Readable from any direction in 360
    QR Code is capable of 360 degree (omni-directional), high speed reading. QR Code accomplishes this task through position detection patterns located at the three corners of the symbol. These position detection patterns guarantee stable high-speed reading, circumventing the negative effects of background interference.
Structured Append Feature
QR Code can be divided into multiple data areas. Conversely, information stored in multiple QR Code symbols can be reconstructed as single data symbols.

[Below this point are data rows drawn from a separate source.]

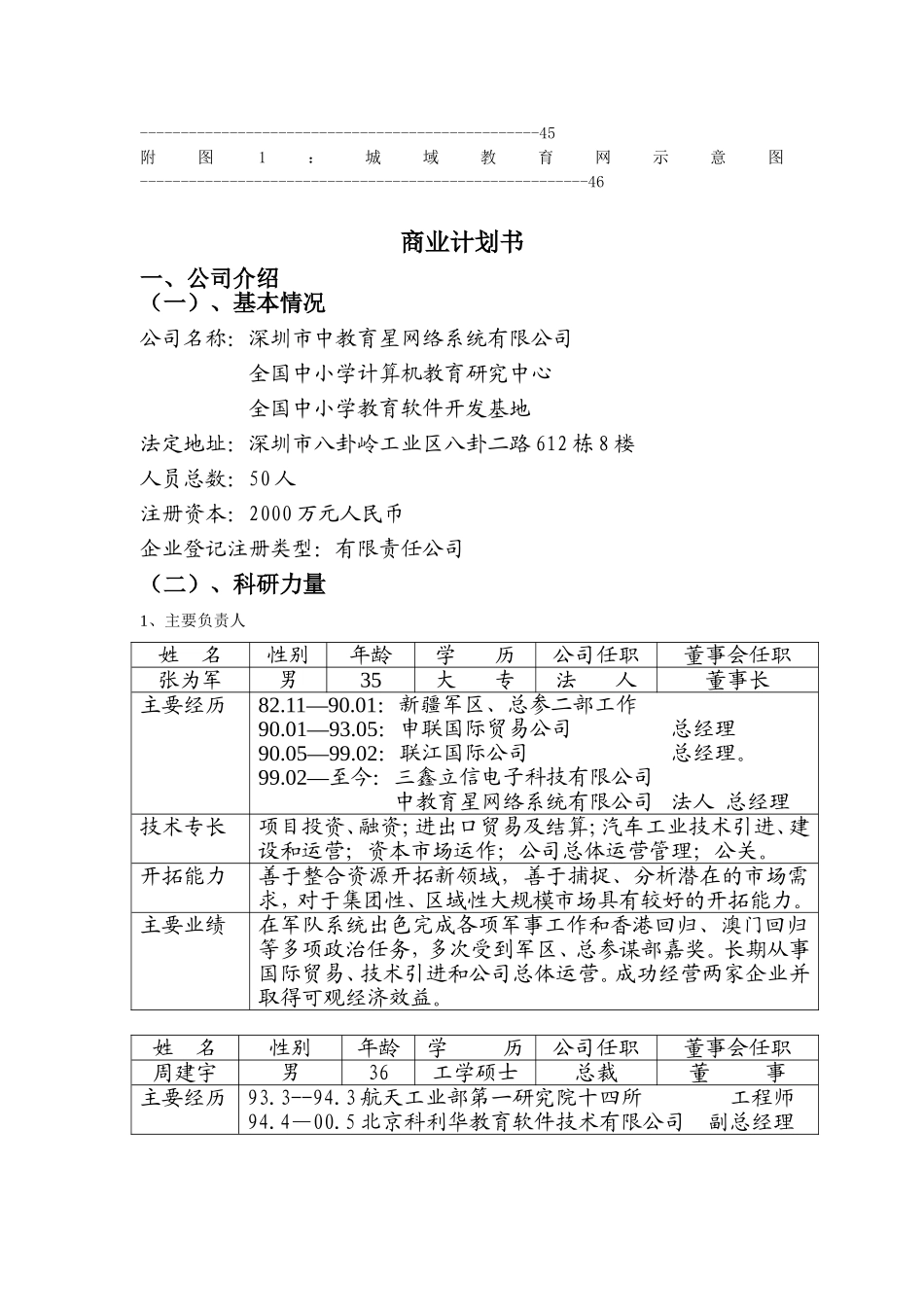 深圳市中教育星网络系统有限公司商业计划书.doc_第3页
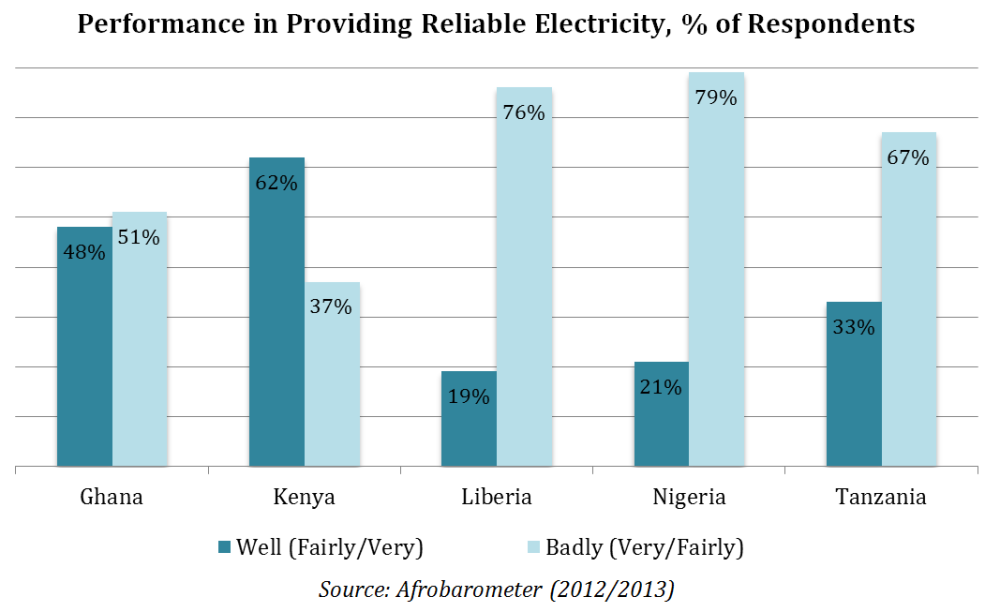Performance in Providing Reliable Electricity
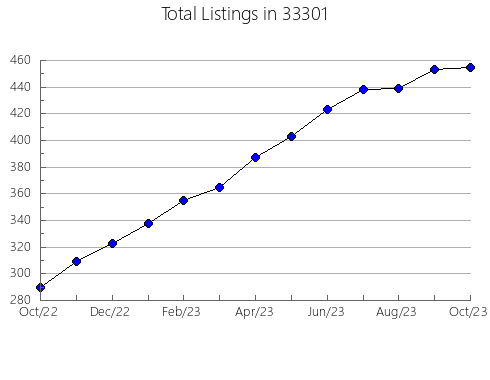 Airbnb & Vrbo Analytics, listings per month in 60139, IL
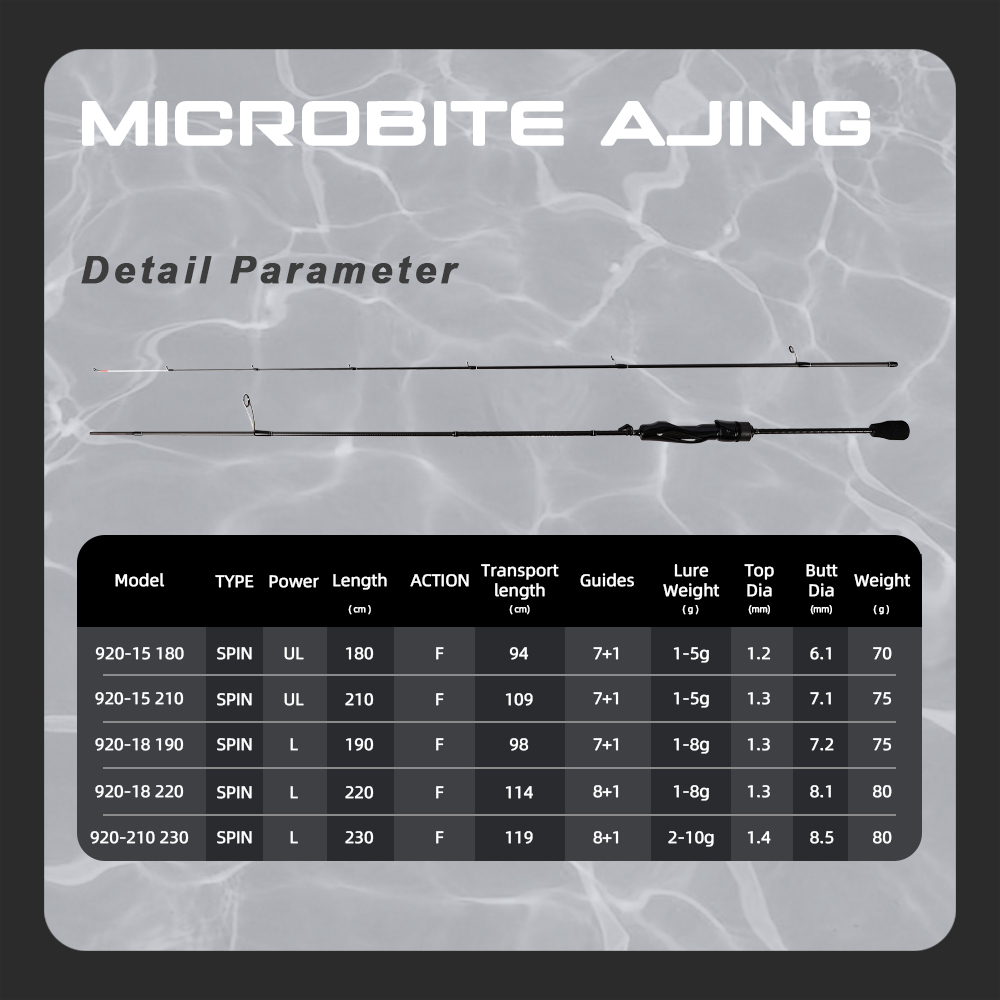 MIFINE MICROBITE AJING Spinnin - Trolling Reel reseña y precio
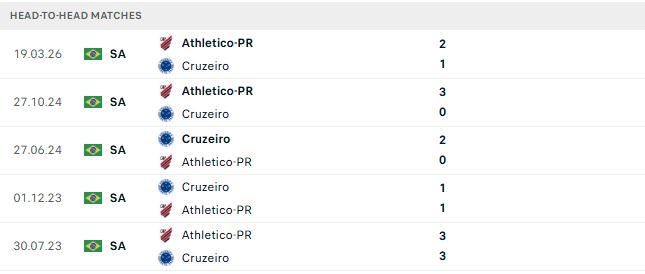Nhận định, Soi kèo Cruzeiro vs Atletico Paranaense 02h00 ngày 07/09: Lợi thế sân nhà - Ảnh 3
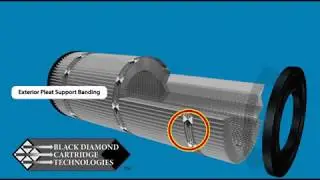 Black Diamond Cartridge Filters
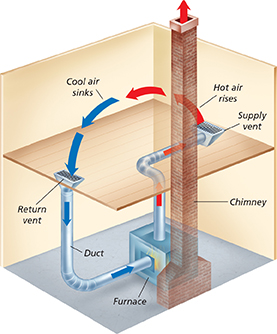 A diagram of a forced air central heating system.  Air is circulated into each room by convection .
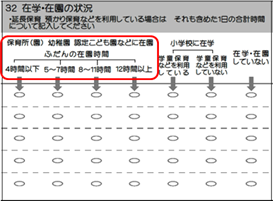 調査票A及び調査票Bの在学・在園の状況に係る調査事項の変更案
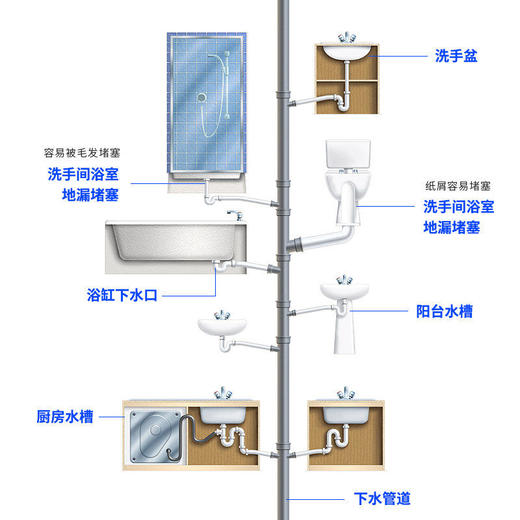 【管道疏通】Mootaa膜太通下水道疏通剂神器 厨房油污厕所头发马桶堵塞 除臭1000ml 商品图3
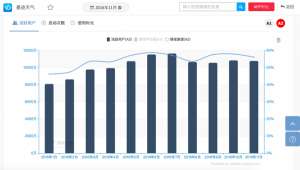 工具类产品求生记：卖广告是千年老坑、增值业务也没那么好做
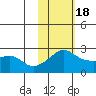 Apoon Mouth tide chart for Tuesday, February 18, 2025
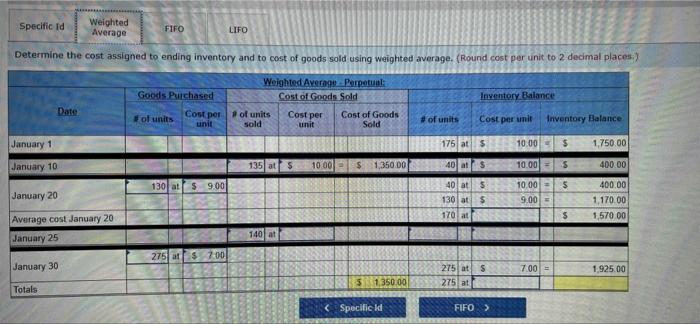 product. The Company uses a perpetual inventory system. For specific identification, ending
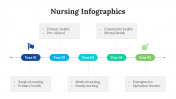 200085-Nursing-Infographics_17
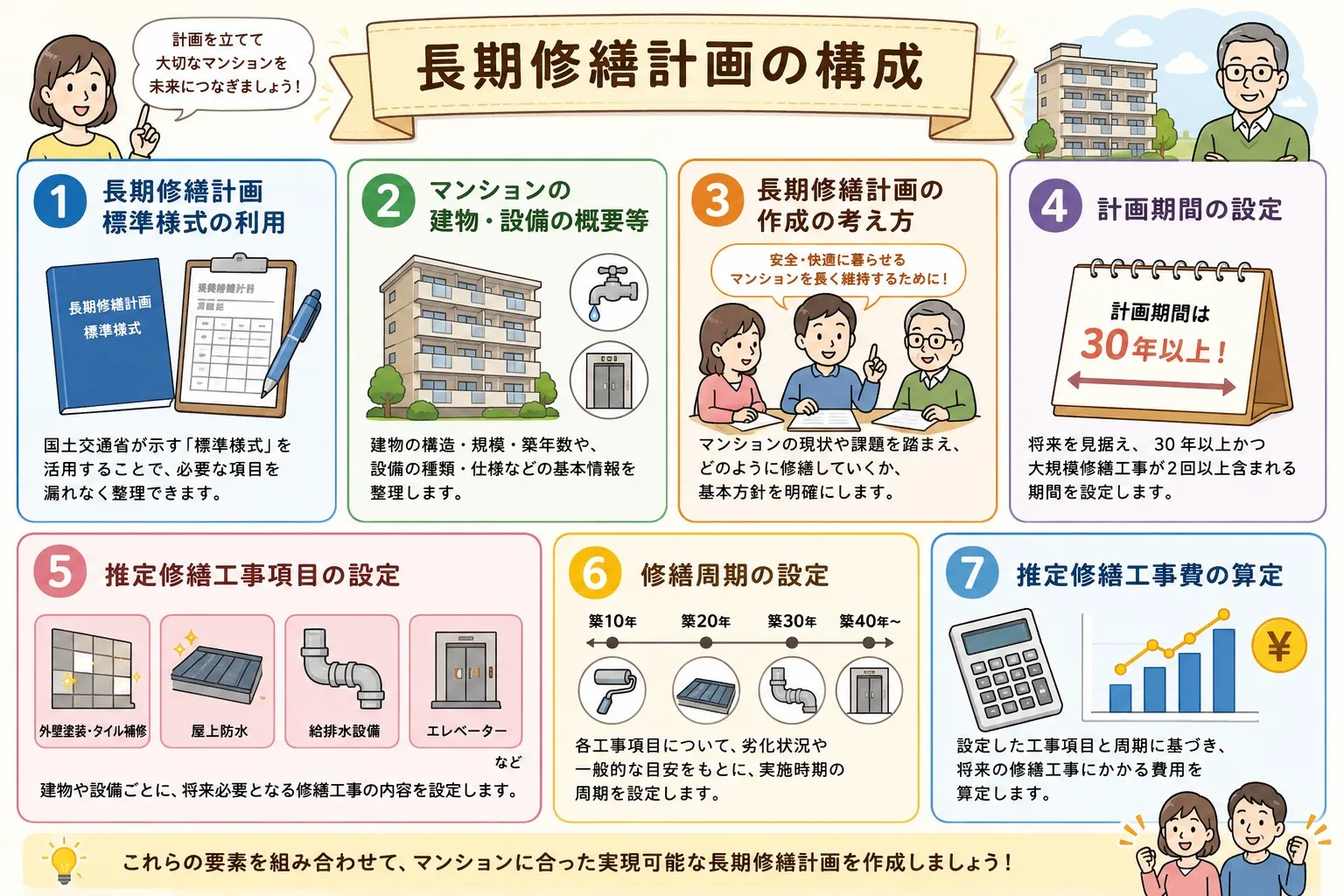 1 長期修繕計画の構成.webp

One data symbol can be divided into up to 16 symbols, allowing printing in a narrow area.
Symbol Version
The symbol versions of QR Code range from Version 1 to Version 40. Each version has a different module configuration or number of modules. (The module refers to the black and white dots that make up QR Code.)
"Module configuration" refers to the number of modules contained in a symbol, commencing with Version 1 (21 21 modules) up to Version 40 (177 177 modules). Each higher version number comprises 4 additional modules per side.
Each QR Code symbol version has the maximum data capacity according to the amount of data, character type and error correction level. Check the maximum data capacity for each version.*Version and maximum data capacity table
In other words, as the amount of data increases, more modules are required to comprise QR Code, resulting in larger QR Code symbols.
Error Correction
    QR Code has error correction capability to restore data if the code is dirty or damaged. Four error correction levels are available for users to choose according to the operating environment. Raising this level improves error correction capability but also increases the amount of data QR Code size.
   To select error correction level, various factors such as the operating environment and QR Code size need to be considered.
   Level Q or H may be selected for factory environment where QR Code get dirty, whereas Level L may be selected for clean environment with the large amount of data. Typically, Level M (15%) is most frequently selected.
QR Code Error Correction Capability*
Level L Approx.7%
Level M Approx. 15%
Level Q Approx. 25%
Level H Approx. 30%

*Data restoration rate for total codewords (codeword is a unit that constructs the data area. One codeword of QR Code is equal to 8 bits.)

Error Correction Feature
   The QR Code error correction feature is implemented by adding a Reed-Solomon Code*to the original data.
   The error correction capability depends on the amount of data to be corrected. For example, if there are 100 codewords of QR Code to be encoded,50 of which need to be corrected, 100 codewords of Reed-Solomon Code are required, as Reed-Solomon Code requires twice the amount of codewords to be corrected.
   In this case, the total codewords are 200, 50 of which can be corrected. Thus, the error correction rate for the total codewords is 25%. This corresponds to QR Code error correction Level Q.
   In the example above, the error correction rate for QR Code codewords can be considered as 50%. However, it is not always the case that codewords of not Reed-Solomon Code but only QR Code are susceptible to dirt and damage.QR Code therefore represents its error correction rate as a ratio of the total codewords.
(*) Reed-Solomon Code is a mathematical error correction method used for music CDs etc. The technology was originally developed as a measure against communication noise for artificial satellites and planetary probes. It is capable of making a correction at the byte level, and is suitable for concentrated burst errors.